Doing Right is Not Enough: Having a Policy to Do It Right is Required, Too

One of the halmarks of the URAC accreditation process is the reliance on policies and procedures. Anyone who has glanced at URAC's Core standards can tell you that there is an entire standard (Core 3) dedicated to the care and feeding of P&Ps. The standards don't stop there, though, in their reverence for P&Ps: Core 6, 8, 16, 18, 20, 24 all explicitly reference policies, as do dozens of other standards scattered throughout the modules. I venture to say that the most frequent word used in the "Evidence for Desktop Review" sections of the URAC standards is "policy" (although I haven't actually counted).

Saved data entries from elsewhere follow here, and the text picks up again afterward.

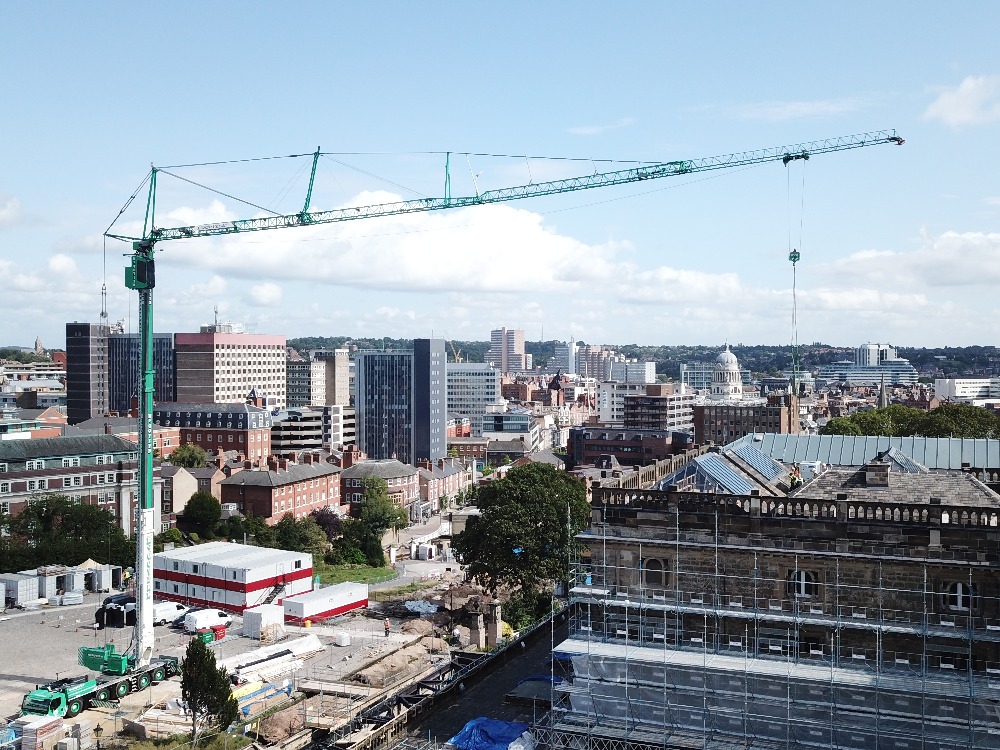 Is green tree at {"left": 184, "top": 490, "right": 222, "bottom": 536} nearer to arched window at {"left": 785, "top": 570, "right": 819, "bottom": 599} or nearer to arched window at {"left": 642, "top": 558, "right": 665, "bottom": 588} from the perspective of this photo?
arched window at {"left": 642, "top": 558, "right": 665, "bottom": 588}

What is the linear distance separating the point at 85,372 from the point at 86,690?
133 meters

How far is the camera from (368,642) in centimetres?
5481

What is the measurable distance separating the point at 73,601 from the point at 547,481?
30255 mm

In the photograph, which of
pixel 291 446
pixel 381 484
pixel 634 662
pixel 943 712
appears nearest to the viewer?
pixel 943 712

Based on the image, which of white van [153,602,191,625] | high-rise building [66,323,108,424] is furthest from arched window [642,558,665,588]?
high-rise building [66,323,108,424]

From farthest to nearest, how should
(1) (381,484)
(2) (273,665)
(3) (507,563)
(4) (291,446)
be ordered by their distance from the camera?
(4) (291,446) → (1) (381,484) → (3) (507,563) → (2) (273,665)

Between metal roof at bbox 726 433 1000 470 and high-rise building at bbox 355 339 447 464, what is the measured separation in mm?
72119

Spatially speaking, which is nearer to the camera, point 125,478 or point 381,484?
point 125,478

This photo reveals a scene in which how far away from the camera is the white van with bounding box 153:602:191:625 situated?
57703mm

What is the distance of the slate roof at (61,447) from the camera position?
7531 cm

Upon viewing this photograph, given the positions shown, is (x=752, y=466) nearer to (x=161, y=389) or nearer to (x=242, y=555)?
(x=242, y=555)

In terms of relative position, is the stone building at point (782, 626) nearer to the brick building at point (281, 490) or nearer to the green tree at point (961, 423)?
the green tree at point (961, 423)

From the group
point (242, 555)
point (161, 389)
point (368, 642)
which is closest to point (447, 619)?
point (368, 642)

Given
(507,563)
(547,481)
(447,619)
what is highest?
(547,481)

However, if I stopped there, I still would not have conveyed how utterly important it is to have your P&Ps in order, fully reflecting the requirements of the standards. It is almost universally true that the requirements of the URAC standards must be reflected somewhere in a written policy. It seldom seems to matter if your organization's actual behavior is fully compliant with the requirements of the URAC standard. In addition to actual compliance with the requirements, you generally have to have a policy and procedure that requires that full compliance.

The rationale, as I understand it, is fairly straightforward and arguably reasonable: Just because you are compliant today does not mean you are compliant as a matter of policy. You could just be temporarily, and even accidentally, compliant. However, if you have a policy and procedure, and are complying with Core 3's requirement that you regularly review and implement your P&Ps, you are more likely to be compliant with the standard tomorrow, and tomorrow, and tomorrow.

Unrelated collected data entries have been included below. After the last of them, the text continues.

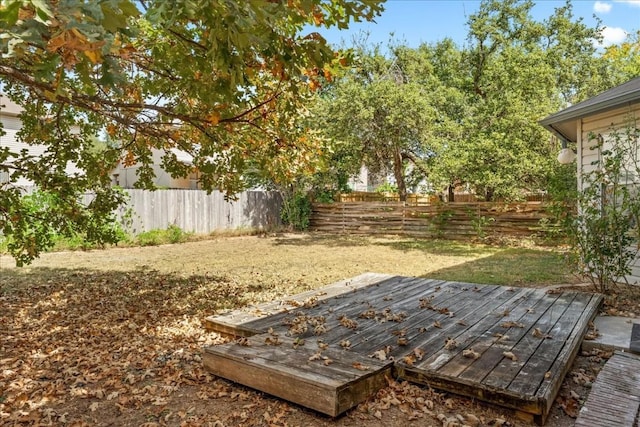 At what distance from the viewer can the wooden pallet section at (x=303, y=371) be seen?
7.69 feet

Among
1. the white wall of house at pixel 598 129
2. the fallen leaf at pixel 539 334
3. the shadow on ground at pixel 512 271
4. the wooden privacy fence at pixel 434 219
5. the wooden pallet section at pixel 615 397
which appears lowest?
the shadow on ground at pixel 512 271

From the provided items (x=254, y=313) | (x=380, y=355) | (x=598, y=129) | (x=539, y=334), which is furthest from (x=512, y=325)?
(x=598, y=129)

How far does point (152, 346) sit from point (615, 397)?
3.36 meters

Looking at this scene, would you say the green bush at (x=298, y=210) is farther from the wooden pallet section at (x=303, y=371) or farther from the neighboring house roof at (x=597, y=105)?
the wooden pallet section at (x=303, y=371)

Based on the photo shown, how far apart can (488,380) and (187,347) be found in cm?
243

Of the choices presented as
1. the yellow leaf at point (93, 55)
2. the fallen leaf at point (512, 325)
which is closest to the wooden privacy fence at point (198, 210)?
the fallen leaf at point (512, 325)

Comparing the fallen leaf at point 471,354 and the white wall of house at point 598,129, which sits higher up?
the white wall of house at point 598,129

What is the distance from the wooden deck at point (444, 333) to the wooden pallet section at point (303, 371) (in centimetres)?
1

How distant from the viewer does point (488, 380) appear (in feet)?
7.97

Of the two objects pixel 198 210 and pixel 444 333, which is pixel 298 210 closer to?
pixel 198 210

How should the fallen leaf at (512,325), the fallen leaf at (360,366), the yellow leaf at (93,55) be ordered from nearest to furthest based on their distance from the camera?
the yellow leaf at (93,55)
the fallen leaf at (360,366)
the fallen leaf at (512,325)

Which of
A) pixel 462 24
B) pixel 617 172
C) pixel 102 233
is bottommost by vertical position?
pixel 102 233

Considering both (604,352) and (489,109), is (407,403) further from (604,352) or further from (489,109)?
(489,109)

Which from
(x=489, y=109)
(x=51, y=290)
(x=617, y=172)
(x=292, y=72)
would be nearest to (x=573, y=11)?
(x=489, y=109) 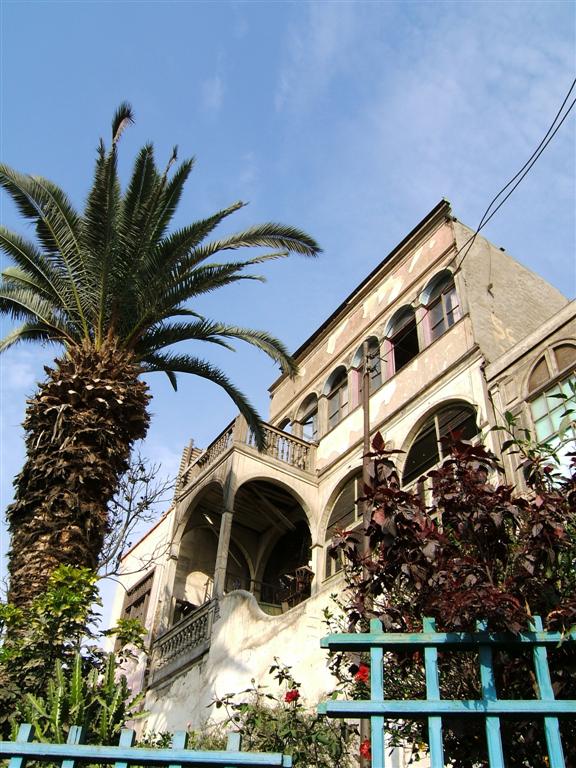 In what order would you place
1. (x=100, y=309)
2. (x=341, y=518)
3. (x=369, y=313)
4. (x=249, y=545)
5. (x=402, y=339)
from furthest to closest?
1. (x=249, y=545)
2. (x=369, y=313)
3. (x=402, y=339)
4. (x=341, y=518)
5. (x=100, y=309)

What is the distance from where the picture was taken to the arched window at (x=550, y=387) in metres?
11.0

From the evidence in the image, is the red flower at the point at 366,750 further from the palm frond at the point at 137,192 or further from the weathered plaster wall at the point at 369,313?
the weathered plaster wall at the point at 369,313

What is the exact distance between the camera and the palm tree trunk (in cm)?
853

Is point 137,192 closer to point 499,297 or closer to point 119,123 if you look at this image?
point 119,123

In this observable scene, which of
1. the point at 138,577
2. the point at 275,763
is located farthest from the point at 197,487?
the point at 275,763

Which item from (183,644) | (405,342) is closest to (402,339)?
(405,342)

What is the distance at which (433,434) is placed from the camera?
45.6 ft

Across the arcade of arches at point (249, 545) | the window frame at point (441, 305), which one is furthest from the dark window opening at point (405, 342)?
the arcade of arches at point (249, 545)

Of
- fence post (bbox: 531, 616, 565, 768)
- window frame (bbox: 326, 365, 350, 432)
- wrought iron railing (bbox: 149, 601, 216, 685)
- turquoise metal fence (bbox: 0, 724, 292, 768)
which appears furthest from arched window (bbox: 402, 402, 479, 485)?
turquoise metal fence (bbox: 0, 724, 292, 768)

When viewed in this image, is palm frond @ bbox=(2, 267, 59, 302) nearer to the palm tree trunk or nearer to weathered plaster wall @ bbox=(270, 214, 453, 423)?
the palm tree trunk

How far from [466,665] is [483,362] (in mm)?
9403

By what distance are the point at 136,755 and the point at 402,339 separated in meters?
14.1

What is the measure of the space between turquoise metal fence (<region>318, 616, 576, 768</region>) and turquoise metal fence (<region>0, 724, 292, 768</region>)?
0.39 m

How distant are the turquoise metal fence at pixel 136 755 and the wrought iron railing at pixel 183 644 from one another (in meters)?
10.5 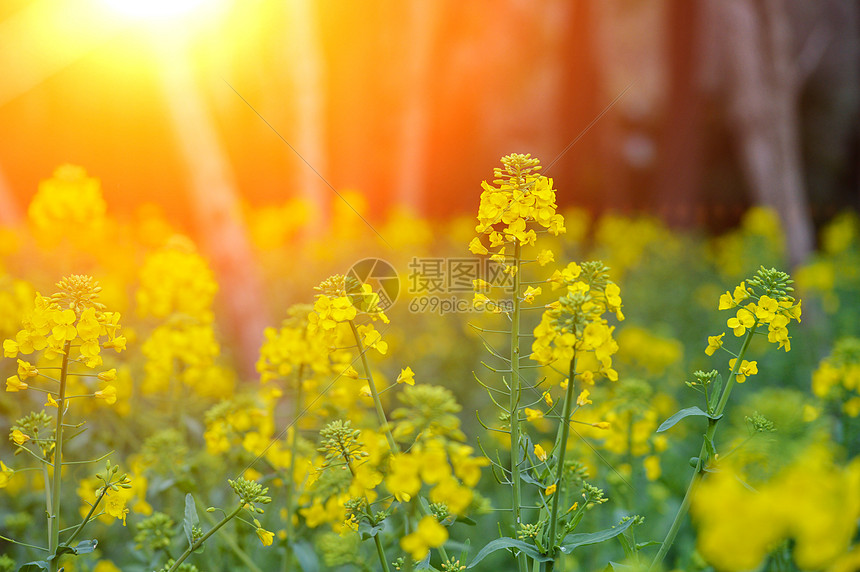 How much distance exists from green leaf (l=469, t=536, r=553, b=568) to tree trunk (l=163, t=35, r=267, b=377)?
3.08 metres

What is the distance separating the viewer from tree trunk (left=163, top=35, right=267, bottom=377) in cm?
393

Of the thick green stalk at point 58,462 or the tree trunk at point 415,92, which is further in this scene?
the tree trunk at point 415,92

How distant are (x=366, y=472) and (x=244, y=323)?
116 inches

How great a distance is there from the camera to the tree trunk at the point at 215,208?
3.93 metres

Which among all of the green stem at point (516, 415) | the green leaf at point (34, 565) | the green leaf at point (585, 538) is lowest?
the green leaf at point (34, 565)

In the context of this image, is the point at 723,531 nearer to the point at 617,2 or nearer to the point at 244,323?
the point at 244,323

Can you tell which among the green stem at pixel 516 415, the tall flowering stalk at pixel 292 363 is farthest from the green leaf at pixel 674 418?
the tall flowering stalk at pixel 292 363

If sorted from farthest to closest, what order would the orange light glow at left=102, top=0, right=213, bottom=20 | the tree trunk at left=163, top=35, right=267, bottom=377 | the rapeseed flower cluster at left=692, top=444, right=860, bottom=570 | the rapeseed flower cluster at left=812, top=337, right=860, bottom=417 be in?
the tree trunk at left=163, top=35, right=267, bottom=377 < the orange light glow at left=102, top=0, right=213, bottom=20 < the rapeseed flower cluster at left=812, top=337, right=860, bottom=417 < the rapeseed flower cluster at left=692, top=444, right=860, bottom=570

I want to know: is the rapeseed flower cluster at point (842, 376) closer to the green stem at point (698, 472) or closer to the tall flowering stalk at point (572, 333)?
the green stem at point (698, 472)

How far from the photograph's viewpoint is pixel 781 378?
4262 millimetres

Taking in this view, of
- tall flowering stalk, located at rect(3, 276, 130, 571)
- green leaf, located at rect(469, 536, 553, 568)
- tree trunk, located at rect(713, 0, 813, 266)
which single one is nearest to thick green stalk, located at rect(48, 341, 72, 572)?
tall flowering stalk, located at rect(3, 276, 130, 571)
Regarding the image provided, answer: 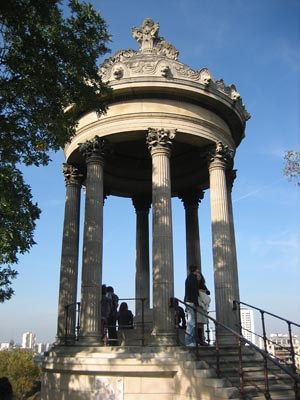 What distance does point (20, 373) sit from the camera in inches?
2822

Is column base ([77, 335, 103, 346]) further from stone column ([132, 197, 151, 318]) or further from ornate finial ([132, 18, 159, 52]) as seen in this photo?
ornate finial ([132, 18, 159, 52])

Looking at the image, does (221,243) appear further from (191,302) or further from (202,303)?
(191,302)

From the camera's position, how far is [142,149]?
929 inches

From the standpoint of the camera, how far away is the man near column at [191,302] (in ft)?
48.2

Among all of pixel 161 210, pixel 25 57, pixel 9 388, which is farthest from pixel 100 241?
pixel 9 388

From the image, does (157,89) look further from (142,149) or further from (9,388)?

You might argue that a flawless record of compliance (e.g., 30 out of 30 selected files are fully compliant) is demonstration that you have and have implemented a policy -- albeit a tacit one -- that complies with the standard. Save those arguments for social scientists and trial lawyers -- they won't fly here. And, probably, rightfully so.

So, the lesson to be learned here is simple -- don't rely on the mere fact that you are playing by the rules and conducting your business in full compliance of URAC's standards. Instead, play it safe and make sure all of the requirements of the URAC standards that apply to your organization are reflected not only in your behavior but also in your policies and procedures.